About the only thing left is to make sure you change the channel on your card. Not all networks are going to be on channel 6, so you need to cycle through to see what else is out there. Running iwconfig or similar in a loop can do this.
It's really not that difficult. I did it as a proof of concept thing back in 2001. Back in those days, you could crank it up in lots of different locations (houses, businesses, etc.) and nothing would happen because most people hadn't discovered wireless yet.
That's it. That's all it takes to get the data you need to do this sort of thing. If you go into it saying you want location vs. network identifier data, then you write something which just gives you that and store it somewhere.
Fortunately, the metadata itself is relatively small. If you figure that a network ID is 48 bits, that's just 6 bytes. Then you have latitude and longitude values. I didn't get a whole lot of precision (and didn't really care too much), so my GPS listener would print things like "29 12 34 N 98 45 56 W" - degrees, minutes, and seconds. Even if you chose to store that as text for some reason, it's still only 22 characters at its longest ("89 59 59 N 179 59 59W"). Packing that down into some kind of binary encoding would shrink it even more.

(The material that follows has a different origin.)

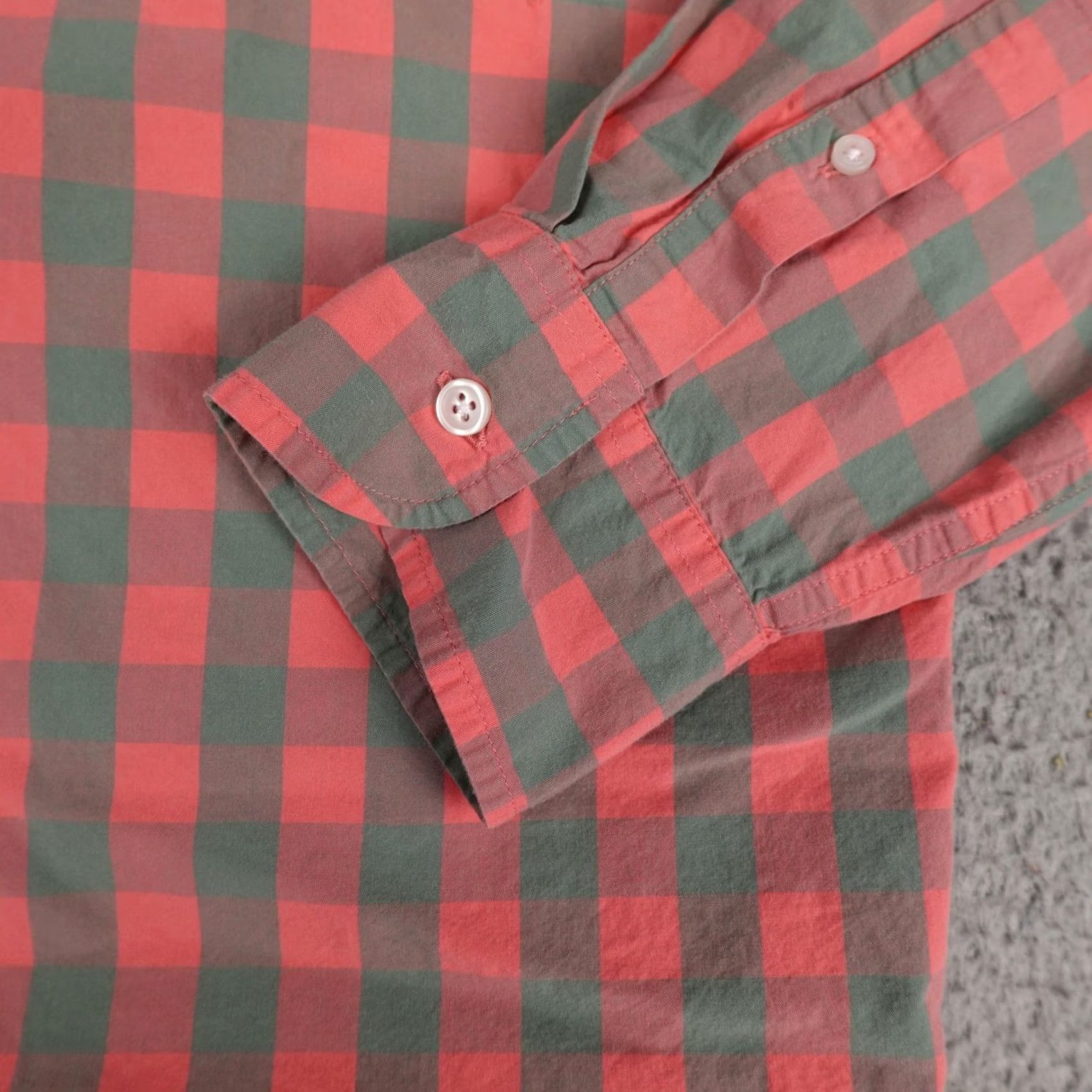 J.Crew J.Crew Shirt Mens XL Red Green Check Slim Fit Button Down Long Sleeve Casual Size US XL / EU 56 / 4 - 5 Thumbnail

No matter how you slice it, a single "hit" for a network is still only at most 28 bytes so far. Maybe you add the time and date that you saw it. Okay, we can express that as a nice 32 bit time_t until 2038, so add four more bytes. Now we're at 32 bytes and that seems like a good place to stop.
Even if you track a whole bunch of networks, or include duplicate hits for the same network in an attempt to figure out how "big" it is, it's still just not that much data.
Now, let's say you didn't want just the metadata from those frames, but actually wanted to see everything which went by. You could just write a few more lines of code to deliberately save it to disk. Or, you could just go get some program which already does this and just hang onto all of the output. There can be a lot of raw data flying around, so you'd need to go to some lengths to store that stuff for any period of time.
Remember that even in 2001, 802.11b was rated for 11 Mbps and could probably get 4-6 Mbps of effective throughput in good conditions. Do the math and you can see that 4000000 bits per second * 3600 seconds is about 1.6 GB, so you'd probably aim for 2 GB of space for each hour of "recording" you want to do. These days, you'd want far more.
As you can see, the storage needs would be completely different.
Given this, you'd think that given the actual presence of such a system, you could look at the resources it was given and then work backwards to see what the intent was. Small jobs don't need huge storage arrays.
Put another way, if you pulled over a car and saw a bottle of nitrous oxide in there, would you believe the driver's claims that they never race? If that's the case, what's up with all of the extra plumbing? You know they have to be up to something.